Update: Comparison of different speed options on the list of 10,000 lists:

``````in : data_big = data * 1000
In : Len (Data_Big)
Out : 10000
In : %% timeit
...: sorted (
...: data_big,
...: Key = lambda x:
...: (x , [-o for o in Map (ORD, X )], [-O for o in map (ORD, X )])
... :)
...:
...:
53.8 MS ± 220 μS PER LOOP (Mean ± Std. Dev. Of 7 Runs, 10 Loops Each)
In : %% timeit
...: Sorted (Sorted (Data_Big, Key = ItemGetter (0)), Key = ItemGetter (1), Reverse = True)
...:
...:
3.66 MS ± 504 NS PER LOOP (Mean ± Std. Dev. Of 7 Runs, 100 Loops Each)
In : %% timeit
...: sorted (
...: data_big,
...: Key = lambda x:
...: (x , [-o for o in Map (ORD, X )], [-O for o in map (ORD, X )])
... :)
...:
...:
54.4 MS ± 797 μs PER LOOP (Mean ± Std. Dev. Of 7 Runs, 10 Loops Each)
In : %% timeit
...: df = pd.dataframe (data_big, columns = ["last_name", "first_name", "mid_name"])

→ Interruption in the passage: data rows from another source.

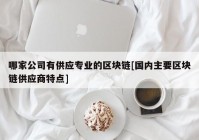 哪家公司有供应专业的区块链[国内主要区块链供应商特点]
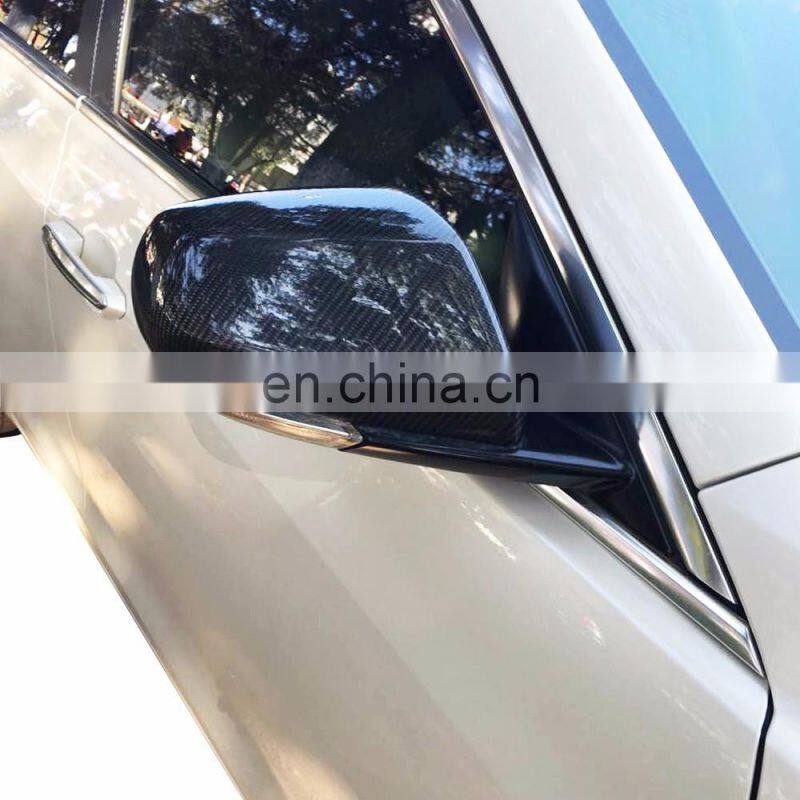 Carbon Fiber F10 Mirror Cover Cap for BMW F10 M5 2012-2014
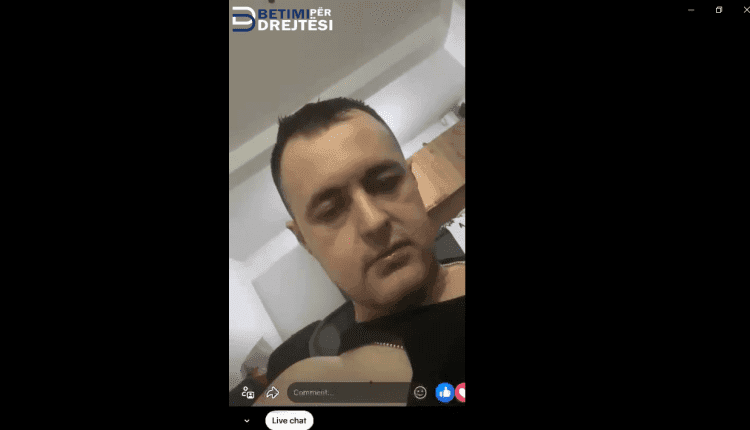 Aktakuzë ndaj Egzon Reshanit për kanosjen e kryeprokurorit dhe tre policëve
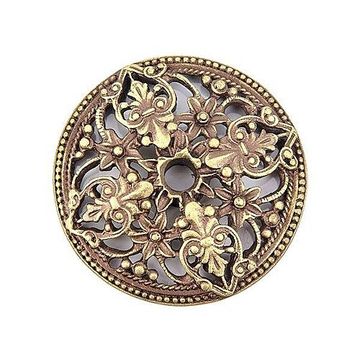 ANTQ BRASS JULIANE GRACE ESCUTCHEONimage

...: df.sort_values ​​(df.columns.to_list (), Ascending = [TRUE, FALSE, FALSE]). To_numpy (). TOLIST ()
...:
...:
8.91 MS ± 2.86 μs PER LOOP (Mean ± Std. Dev. Of 7 Runs, 100 Loops Each)
``````

Why spend time searching for the correct question and then entering your answer when you can find it in a second? That's what CompuTicket is all about! Here you'll find thousands of questions and answers from hundreds of computer languages.